The Personal Allowance (£12,570), Basic rate upper threshold (£50,270), and Higher rate threshold (£125,140) are all frozen in England, Wales and NI until at least 2027/28. As incomes rise with inflation, more profit is pushed into higher bands — this is called "fiscal drag." The 2025/26 and 2026/27 England bands used in this calculator are identical.

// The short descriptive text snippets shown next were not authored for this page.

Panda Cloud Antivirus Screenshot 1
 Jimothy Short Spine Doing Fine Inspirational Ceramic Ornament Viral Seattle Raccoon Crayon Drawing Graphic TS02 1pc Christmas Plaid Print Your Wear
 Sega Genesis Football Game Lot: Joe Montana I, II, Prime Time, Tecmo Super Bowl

Allowable Business Expenses
You can deduct expenses that are incurred "wholly and exclusively" for business purposes. These reduce your net profit — and therefore your tax bill. Common categories:
| Category | What you can claim |
|---|---|
| Equipment & tools | Laptop, camera, microphone, specialist tools — used exclusively for work. Larger purchases go through Annual Investment Allowance (100% first-year deduction). |
| Software & subscriptions | Adobe CC, project management tools, cloud storage, professional databases — recurring costs are deductible in full. |
| Home office | Simplified flat rate: £6/week (no receipts needed). Or claim a proportion of actual bills (heating, electricity, broadband) based on rooms and hours used for work. |
| Business travel | HMRC approved mileage: 45p/mile for first 10,000 miles per year, 25p/mile after. Train/taxi fares for business trips. Commuting to a regular place of work is not deductible. |
| Professional fees | Accountant fees, legal advice for business contracts, professional indemnity insurance, business bank fees. |
| Marketing | Website hosting and design, paid advertising, business cards, portfolio platforms. |
| Training | Courses and training that maintain or improve skills in your existing trade. Training to enter a new trade is not deductible. |
Payments on Account: What Every New Freelancer Must Know
Payments on Account is the part of the UK tax system that catches the most new self-employed people off guard. Here is how it works.
The First-Year Trap
In your first year of self-employment, your January tax deadline hits harder than any subsequent year. By 31 January, you must pay:
Six months later, the 2nd Payment on Account (the remaining 50%) is due by 31 July. Use the Payments on Account tab above to calculate your exact schedule.
How to Reduce Your Payments on Account
If you expect your income to be significantly lower next year — for example if you take parental leave, go part-time, or lose a major client — you can apply to reduce your Payments on Account using HMRC's SA303 form in your online Self Assessment account. However, if you reduce too much and your actual bill is higher than expected, HMRC will charge late payment interest on the shortfall.
Scotland vs England: What's Different for Freelancers
If you live in Scotland, your income tax is set by the Scottish Parliament — not Westminster. The key differences that affect freelancers:
| Band | England / Wales / NI | Scotland 2025/26 |
|---|---|---|
| Personal Allowance | 0% up to £12,570 | 0% up to £12,570 |
| Lowest rate | 20% from £12,571 | 19% Starter rate from £12,571 |
| Middle bands | — | 20% Basic / 21% Intermediate (to £43,662) |
| Higher rate kicks in | 40% from £50,271 | 42% from £43,663 |
| Top rate | 45% above £125,140 | 48% above £125,140 |
| Class 4 NI | 6% / 2% | 6% / 2% (same) |
Bottom line: Scottish sole traders with profits above £27,491 generally pay more income tax than those in England — the Intermediate rate (21%) and earlier Higher rate threshold (£43,663 vs £50,271) both add to the bill. Use the England vs Scotland tab above to calculate the exact difference for your income level.